A sample of pure `PCl_(5)` was introduced into aln evacuated vessel at `473` K. After equilibrium was attained, concentration of `PCl_(5)` was found to be `0.5 xx 10^(-1) L^(-1)`. If value of `K_(c)` is `8.3 xx 10^(-3)`. What are the concentration of `PCl_(3)` and `Cl_(2)` at equilibrium ?

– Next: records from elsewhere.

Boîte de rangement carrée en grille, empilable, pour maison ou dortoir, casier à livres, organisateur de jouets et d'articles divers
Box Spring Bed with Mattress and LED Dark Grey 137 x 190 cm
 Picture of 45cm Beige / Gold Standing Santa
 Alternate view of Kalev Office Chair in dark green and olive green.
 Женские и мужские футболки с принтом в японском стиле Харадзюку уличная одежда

`PCl_(5)(g) hArr PCl_(3)(g) + Cl_(2)(g)`

` PCl_5(g) hArr PCl_3 (g) + Cl_2(g)`
Since, the number of moles of ` PCl_3 (g) and Cl_2(g) ` are equal , their concentrations at equilibrium will also be equal , Suppose , at equilibrium
` [PCl_3 (g) ]=[Cl_2(g) ] = x " mol " L^(-1) `
Given that at equilibrium ` , [PCl_5 ] = 0. 5 xx 10^(-1) " mol " L^(-1) `
` because " "K_c= ([PCl_3(g) ][Cl_2(g)])/([PCl_5(g)])`
` therefore " " 8.3 xx 10^(-3) = (x xx x )/(0.5 xx 10^(-1))`
` or , " " x = (8.3 xx 10 ^(-3) xx 0.5 xx10^(-1) ) ^(1//2) = 0.02`
Hence ` " " [PCl_3(g) ]=[Cl_2(g) ] = 0.02 " mol " L^(-1) `